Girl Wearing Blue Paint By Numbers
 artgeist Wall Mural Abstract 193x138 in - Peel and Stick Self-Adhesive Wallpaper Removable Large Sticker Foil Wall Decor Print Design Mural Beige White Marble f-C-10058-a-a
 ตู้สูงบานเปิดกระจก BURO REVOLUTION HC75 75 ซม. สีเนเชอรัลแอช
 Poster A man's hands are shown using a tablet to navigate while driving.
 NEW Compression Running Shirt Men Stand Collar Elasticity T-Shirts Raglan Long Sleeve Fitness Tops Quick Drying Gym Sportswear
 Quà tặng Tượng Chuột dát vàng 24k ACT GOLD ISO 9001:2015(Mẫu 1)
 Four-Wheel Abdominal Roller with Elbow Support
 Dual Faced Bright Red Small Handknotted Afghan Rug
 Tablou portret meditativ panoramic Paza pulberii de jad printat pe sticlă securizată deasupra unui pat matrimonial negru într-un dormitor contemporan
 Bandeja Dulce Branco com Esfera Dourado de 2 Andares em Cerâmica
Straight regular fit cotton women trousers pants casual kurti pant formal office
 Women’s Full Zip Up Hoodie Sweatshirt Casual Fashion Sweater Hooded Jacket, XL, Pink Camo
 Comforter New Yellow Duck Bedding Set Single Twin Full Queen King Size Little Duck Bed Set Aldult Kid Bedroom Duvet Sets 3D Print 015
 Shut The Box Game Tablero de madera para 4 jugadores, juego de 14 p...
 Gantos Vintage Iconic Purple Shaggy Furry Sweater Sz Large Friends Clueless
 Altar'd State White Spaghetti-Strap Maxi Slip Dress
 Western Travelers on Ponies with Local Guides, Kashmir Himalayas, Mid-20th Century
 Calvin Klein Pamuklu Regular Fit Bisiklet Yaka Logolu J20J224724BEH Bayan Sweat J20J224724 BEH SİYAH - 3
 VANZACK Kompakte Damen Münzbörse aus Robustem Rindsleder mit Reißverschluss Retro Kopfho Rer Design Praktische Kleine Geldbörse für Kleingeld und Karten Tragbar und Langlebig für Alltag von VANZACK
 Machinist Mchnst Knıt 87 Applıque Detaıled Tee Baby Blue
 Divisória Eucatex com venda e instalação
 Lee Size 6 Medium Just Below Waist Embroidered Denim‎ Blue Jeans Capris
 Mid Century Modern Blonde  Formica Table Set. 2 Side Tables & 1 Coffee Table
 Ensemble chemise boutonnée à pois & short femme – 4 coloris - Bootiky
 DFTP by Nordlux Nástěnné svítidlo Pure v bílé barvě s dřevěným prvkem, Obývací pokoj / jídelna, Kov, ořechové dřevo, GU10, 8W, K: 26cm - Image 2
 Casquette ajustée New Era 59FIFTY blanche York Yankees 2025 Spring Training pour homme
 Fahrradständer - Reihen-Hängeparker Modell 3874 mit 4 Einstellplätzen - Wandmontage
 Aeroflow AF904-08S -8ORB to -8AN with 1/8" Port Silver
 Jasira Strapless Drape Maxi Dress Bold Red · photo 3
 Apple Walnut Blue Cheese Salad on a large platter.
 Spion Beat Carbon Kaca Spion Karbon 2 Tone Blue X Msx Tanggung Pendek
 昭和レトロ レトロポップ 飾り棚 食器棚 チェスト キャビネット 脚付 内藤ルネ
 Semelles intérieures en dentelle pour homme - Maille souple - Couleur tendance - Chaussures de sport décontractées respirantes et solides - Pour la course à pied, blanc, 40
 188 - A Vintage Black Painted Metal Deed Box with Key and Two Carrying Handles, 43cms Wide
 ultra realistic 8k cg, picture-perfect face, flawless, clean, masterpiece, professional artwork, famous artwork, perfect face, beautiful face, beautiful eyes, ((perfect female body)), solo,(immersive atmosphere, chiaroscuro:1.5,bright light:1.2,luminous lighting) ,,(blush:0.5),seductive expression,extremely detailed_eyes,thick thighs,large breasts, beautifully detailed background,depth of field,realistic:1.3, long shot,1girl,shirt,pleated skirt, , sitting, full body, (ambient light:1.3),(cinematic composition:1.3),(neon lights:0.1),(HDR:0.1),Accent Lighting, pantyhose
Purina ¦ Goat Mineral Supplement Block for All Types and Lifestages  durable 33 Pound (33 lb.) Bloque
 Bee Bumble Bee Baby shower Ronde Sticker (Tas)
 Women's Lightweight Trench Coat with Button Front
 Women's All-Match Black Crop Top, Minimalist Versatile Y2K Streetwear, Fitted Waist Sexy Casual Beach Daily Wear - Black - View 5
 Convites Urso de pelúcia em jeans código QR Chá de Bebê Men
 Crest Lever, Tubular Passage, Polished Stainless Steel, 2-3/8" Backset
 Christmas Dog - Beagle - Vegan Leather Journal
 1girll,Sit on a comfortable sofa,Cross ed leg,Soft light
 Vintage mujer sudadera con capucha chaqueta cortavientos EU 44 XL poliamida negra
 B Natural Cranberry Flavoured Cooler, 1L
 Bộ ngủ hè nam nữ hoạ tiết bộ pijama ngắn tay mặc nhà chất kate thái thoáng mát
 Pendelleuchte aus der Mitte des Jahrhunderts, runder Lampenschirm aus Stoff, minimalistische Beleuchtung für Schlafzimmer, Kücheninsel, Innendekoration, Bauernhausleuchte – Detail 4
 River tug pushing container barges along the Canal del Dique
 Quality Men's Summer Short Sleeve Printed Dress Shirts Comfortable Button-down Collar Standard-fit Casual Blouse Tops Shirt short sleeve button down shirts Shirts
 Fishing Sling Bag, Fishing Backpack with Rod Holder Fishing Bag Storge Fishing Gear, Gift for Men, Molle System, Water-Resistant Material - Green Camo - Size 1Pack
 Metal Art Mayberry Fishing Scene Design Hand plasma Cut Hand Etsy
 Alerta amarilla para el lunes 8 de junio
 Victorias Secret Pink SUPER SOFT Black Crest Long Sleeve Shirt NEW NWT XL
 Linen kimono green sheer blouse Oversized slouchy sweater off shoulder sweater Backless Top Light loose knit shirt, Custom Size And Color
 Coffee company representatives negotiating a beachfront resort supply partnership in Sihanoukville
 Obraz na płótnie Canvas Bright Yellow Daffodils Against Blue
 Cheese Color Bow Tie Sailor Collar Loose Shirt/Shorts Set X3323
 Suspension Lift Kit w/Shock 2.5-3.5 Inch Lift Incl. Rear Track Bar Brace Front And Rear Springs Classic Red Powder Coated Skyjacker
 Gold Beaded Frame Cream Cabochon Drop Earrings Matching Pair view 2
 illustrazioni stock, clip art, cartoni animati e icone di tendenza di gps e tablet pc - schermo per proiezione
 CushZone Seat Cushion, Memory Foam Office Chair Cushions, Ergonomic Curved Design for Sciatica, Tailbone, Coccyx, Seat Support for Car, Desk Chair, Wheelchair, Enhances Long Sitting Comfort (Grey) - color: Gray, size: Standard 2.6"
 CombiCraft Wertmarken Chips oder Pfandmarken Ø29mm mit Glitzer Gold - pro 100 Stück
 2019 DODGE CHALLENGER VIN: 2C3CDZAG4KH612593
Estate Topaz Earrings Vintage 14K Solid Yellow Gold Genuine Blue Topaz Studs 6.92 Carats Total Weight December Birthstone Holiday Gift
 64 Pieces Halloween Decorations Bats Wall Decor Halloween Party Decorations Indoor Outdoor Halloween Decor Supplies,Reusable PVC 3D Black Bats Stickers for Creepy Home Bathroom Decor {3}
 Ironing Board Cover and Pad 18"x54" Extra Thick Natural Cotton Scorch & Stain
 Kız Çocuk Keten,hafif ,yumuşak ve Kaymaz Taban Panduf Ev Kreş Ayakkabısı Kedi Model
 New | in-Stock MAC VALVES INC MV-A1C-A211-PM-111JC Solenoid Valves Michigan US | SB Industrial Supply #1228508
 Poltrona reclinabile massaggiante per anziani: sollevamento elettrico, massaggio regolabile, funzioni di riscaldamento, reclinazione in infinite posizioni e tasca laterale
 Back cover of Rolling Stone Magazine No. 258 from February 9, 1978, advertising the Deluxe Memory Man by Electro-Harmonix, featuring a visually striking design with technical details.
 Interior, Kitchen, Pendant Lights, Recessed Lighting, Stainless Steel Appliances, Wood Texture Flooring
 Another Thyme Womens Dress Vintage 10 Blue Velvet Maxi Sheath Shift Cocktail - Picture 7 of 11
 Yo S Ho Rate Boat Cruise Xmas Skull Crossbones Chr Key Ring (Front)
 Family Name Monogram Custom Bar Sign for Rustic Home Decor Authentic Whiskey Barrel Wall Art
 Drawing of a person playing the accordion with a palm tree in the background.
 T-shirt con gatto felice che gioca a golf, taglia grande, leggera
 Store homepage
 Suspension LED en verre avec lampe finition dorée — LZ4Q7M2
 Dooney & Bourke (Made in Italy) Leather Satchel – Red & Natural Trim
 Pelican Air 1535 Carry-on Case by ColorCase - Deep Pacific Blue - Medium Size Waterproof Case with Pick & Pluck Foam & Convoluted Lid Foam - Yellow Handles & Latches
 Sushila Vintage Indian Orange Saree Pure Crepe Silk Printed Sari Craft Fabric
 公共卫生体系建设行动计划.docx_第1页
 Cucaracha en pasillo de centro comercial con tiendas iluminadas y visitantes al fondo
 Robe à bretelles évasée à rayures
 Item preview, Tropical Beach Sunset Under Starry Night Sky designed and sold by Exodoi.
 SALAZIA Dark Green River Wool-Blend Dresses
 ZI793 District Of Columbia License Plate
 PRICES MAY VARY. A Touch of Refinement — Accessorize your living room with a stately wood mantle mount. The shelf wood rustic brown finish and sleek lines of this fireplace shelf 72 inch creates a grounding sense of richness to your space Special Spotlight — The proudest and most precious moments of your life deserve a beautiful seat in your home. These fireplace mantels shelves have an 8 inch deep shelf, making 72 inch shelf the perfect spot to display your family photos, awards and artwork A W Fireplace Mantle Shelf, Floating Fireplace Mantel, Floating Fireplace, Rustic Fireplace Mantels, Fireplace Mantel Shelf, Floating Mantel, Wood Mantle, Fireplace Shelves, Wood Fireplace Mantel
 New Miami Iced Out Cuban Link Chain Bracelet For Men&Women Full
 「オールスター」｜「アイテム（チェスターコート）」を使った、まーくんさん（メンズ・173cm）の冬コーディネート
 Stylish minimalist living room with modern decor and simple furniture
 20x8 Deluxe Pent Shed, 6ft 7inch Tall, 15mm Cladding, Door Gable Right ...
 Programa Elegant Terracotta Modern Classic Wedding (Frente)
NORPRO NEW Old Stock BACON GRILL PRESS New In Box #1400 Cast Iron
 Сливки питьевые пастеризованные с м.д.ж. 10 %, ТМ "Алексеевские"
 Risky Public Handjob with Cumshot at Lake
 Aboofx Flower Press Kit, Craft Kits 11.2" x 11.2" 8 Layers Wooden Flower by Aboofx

-- EXERCISE GOAL --
Every line holding the word "Support" should be copied out of the records above.

-- YOUR SOLUTION --
 Four-Wheel Abdominal Roller with Elbow Support
 CushZone Seat Cushion, Memory Foam Office Chair Cushions, Ergonomic Curved Design for Sciatica, Tailbone, Coccyx, Seat Support for Car, Desk Chair, Wheelchair, Enhances Long Sitting Comfort (Grey) - color: Gray, size: Standard 2.6"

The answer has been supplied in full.